Book Timeline 2000 - 2009
2000 :
The Demello Vado exhibition is held in Goa for three weeks at the Saligao Institute in December 2000 to early January 2001. Singh invites the sitters, all residents of the village of Saligao, to peel their portraits off the wall and take the prints home at the closing
of the exhibition.
Keller suggests that Singh turn her photographs of Mona Ahmed into a book. Singh writes to Ahmed from Zurich to ask if she is amenable to the project, to which she enigmatically
replies: “The whole world calls me eunuch; you call me unique. First you tell me which is true, then I will answer you.” Keller suggests that Ahmed write the entire text for the book upon reading her response. She agrees and does so in the form of emails to him.
2001 :
Myself Mona Ahmed is published by Scalo. Mona hosts the book release at the Mehendiyan cemetery, Delhi, where she lived and is now buried, having died on 9 September 2017. The book is printed by Steidl.
Singh meets Gerhard Steidl in person for the first time at her exhibition Empty Spaces at the Frith Street Gallery, London. Having recently printed Myself Mona Ahmed for Scalo, Steidl tells Singh that a photographer should always be present at the printing press when making a book. He asks her to call him when she next wishes to make a book.
2002 : Singh spends time as an artist-in-residence at the Isabella Stewart Gardner Museum, Boston, where she photographs the museum’s chairs as part of her then ongoing series, Chairs. It is at this time that she begins to make photo-letters for her travel companions by cutting images from her contact sheets and pasting them into Moleskine accordion-fold books. Each photo-letter has two copies: one for the friend she is addressing and one that Singh keeps on her shelf in her studio kitchen.Singh’s collection of photo-letter Moleskins goes on to become the work, Kitchen Museum.
2003 : Privacy is published to accompany Dayanita Singh: Privacy, an exhibition held at the Hamburger Bahnhof, Berlin. It is Singh’s first book published by Steidl.
2005 : Chairs, Singh’s first accordion-fold book, is published by Steidl. It is printed in an initial run of 1,000 copies, with 500 copies for the Isabella Gardner Stewart Museum and 500 for Singh. Singh’s copies are allocated into editions of ten and then disseminated by 50 of her friends, who become the book’s distributors. Each collaborator can distribute their edition as they please; Singh’s only condition is that they are not to sell the books. During the Chairs exhibition at Frith Street Gallery, Singh invites Gerhard Steidl to see a private exhibition of the Kitchen Museum. When he sees the photo-letters unfurled and displayed, he offers to publish all 32 of them. They agree to publish a set containing seven volumes, which they do in 2008 in the form of Sent a Letter.
2007 : Go Away Closer is published by Steidl. Silver gelatin prints of the Go Away Closer series are subsequently shown in an exhibition at Frith Street Gallery, London.

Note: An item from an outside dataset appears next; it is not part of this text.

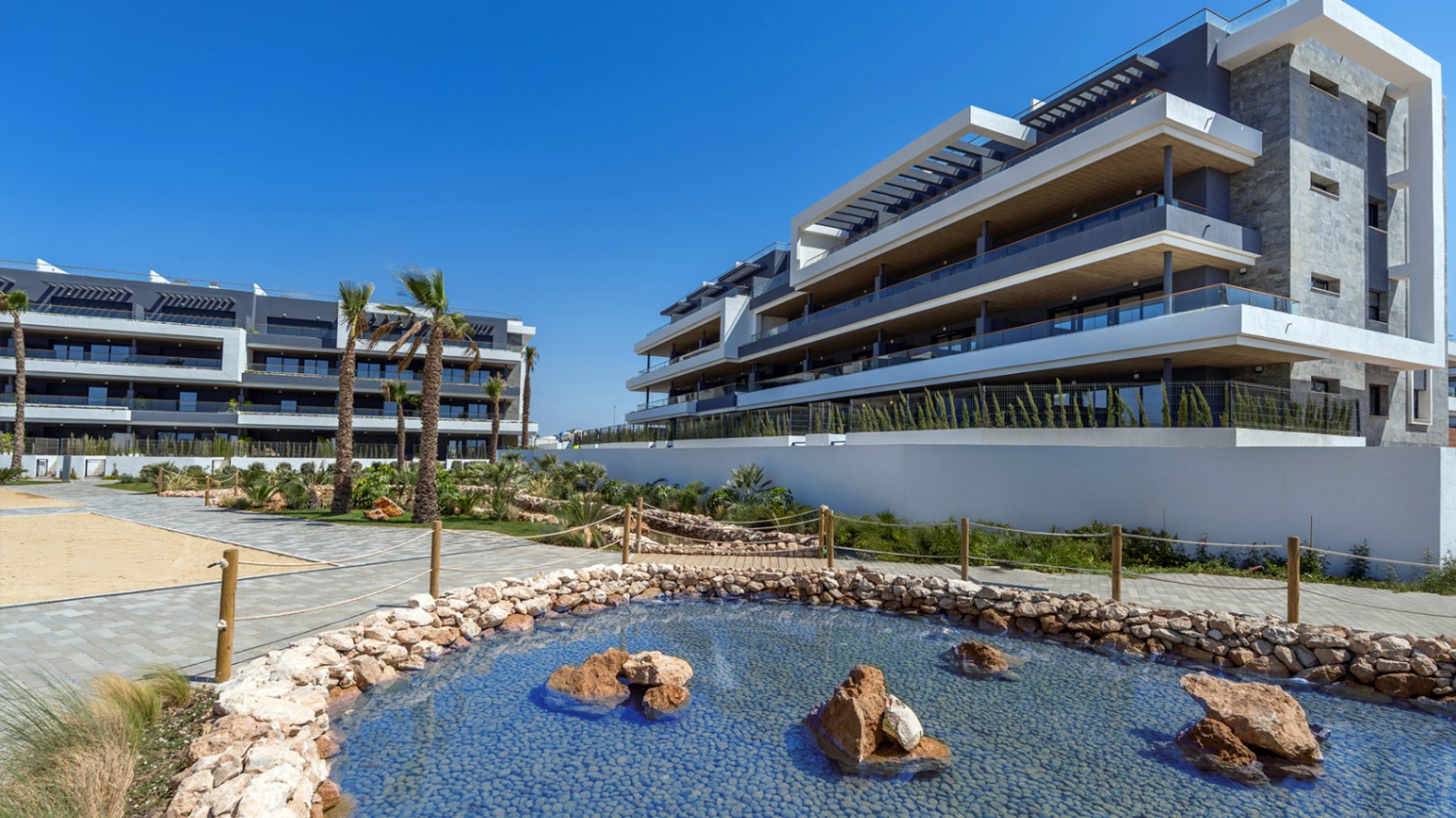 Apartamentos con magníficas zonas comunes en Torrevieja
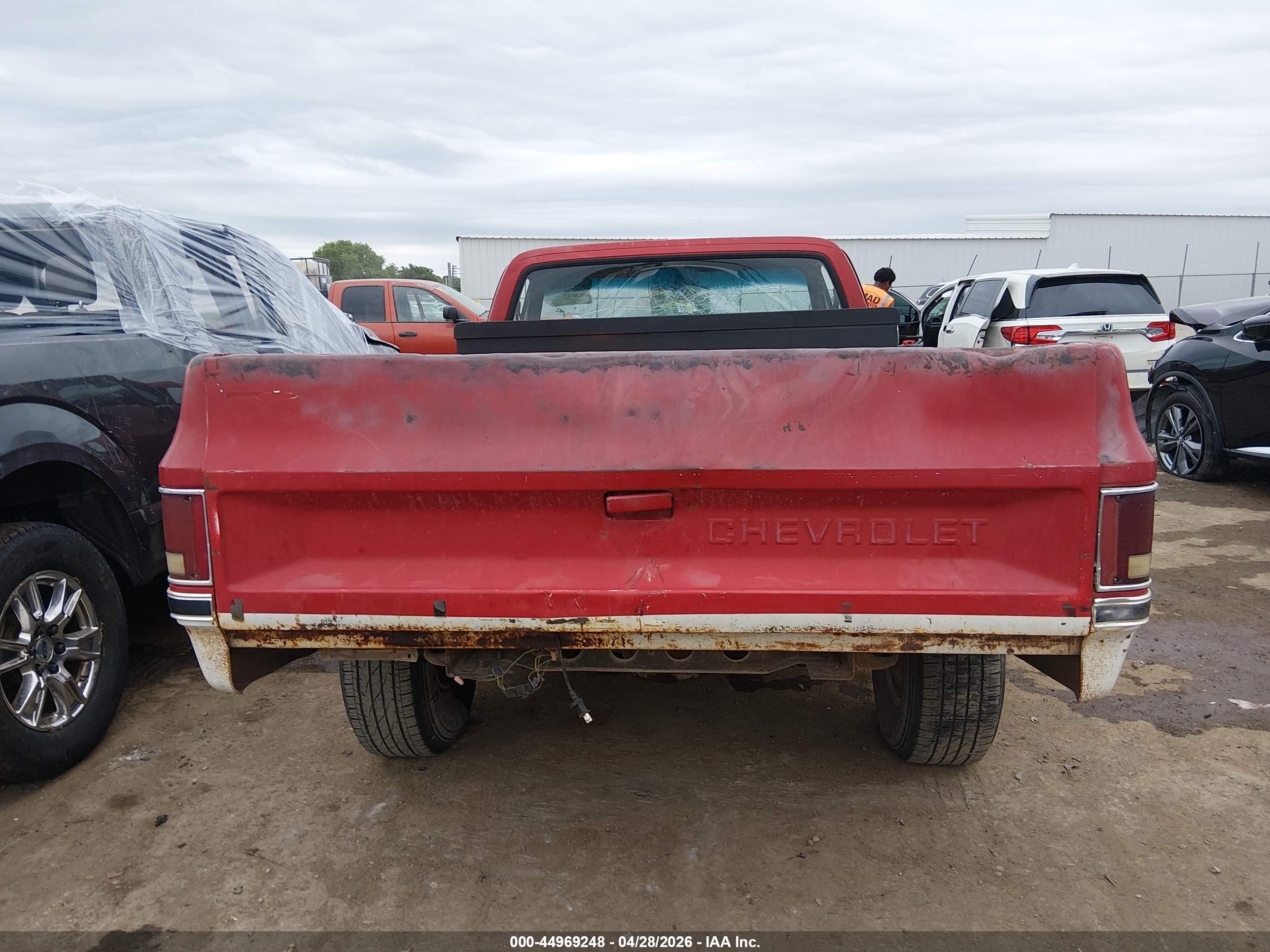 1986 Chevrolet C10   Red vin: 2GCDC14H5G1136265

2008 : Singh creates her first book-as-exhibition when Sent a Letter is published by Steidl. The 3,000 empty boxes for the book are made in New Delhi and shipped to Göttingen. Sent a Letter goes on to become Singh’s most exhibited work.
2008 :
The Ladies of Calcutta exhibition opens at Bose Pacia Gallery, Kolkata. Here, too, Singh invites the sitters to take their portraits off the wall and carry them home at the closing of the
exhibition. It is during this exhibition that Singh places Sent a Letter in the vitrines of Satramdas Dhalamal Jewellers’ shop window, where it remains on view for ten years. This goes on to become Singh’s longest running and most seen exhibition.
2009 : Blue Book is published. Two years later, it becomes the first of Singh’s books to be shown as a book on the wall in Elusive Truth: Evolving Medium, an exhibition at Khoj Studios, New Delhi.